We can solve it by using stack. We can iterate over the array, and for each element, we can check if the stack is empty or the top of the stack is greater than the current element. If the stack is empty or the top of the stack is greater than the current element, we can push the index of the current element to the stack. If the stack is not empty and the top of the stack is less than the current element, we can pop the top of the stack.

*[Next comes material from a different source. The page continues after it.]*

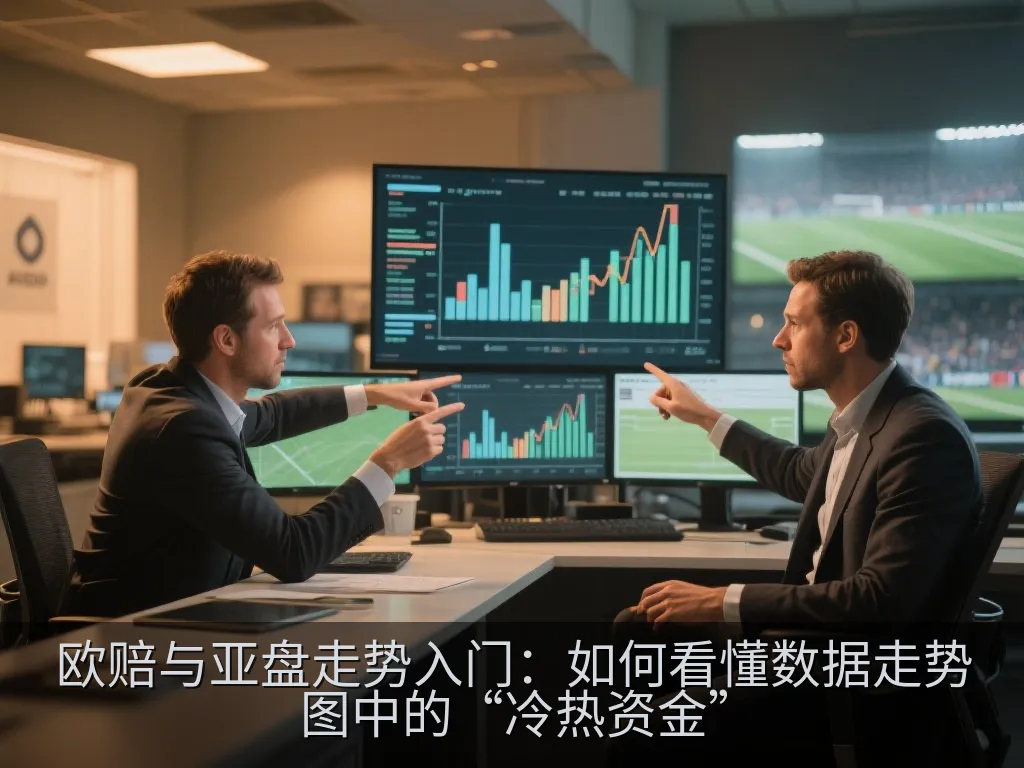欧赔与亚盘走势入门：如何看懂数据走势图中的“冷热资金”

We can calculate the sum of the subarray minimums by using the formula sum += (i - stack[-1]) * (stack[-1] - stack[-2]) * A[stack[-1]]. We can return the sum of the subarray minimums.

class Solution:
    def sumSubarrayMins(self, arr: List[int]) -> int:
        MOD, stack = 10**9+7, []
        res = 0
        for i in range(len(arr)):
            while stack and arr[i] <= arr[stack[-1]]:
                _id = stack.pop()
                l = stack[-1] if stack else -1
                r = i
                res += (r-_id) * (_id-l) * arr[_id]
                res %= MOD
            stack.append(i)

        while stack:
            _id = stack.pop()
            l = stack[-1] if stack else -1
            r = len(arr)
            res += (r-_id) * (_id-l) * arr[_id]
            res %= MOD

        return res

Time complexity: O(n), n is the length of arr
Space complexity: O(n)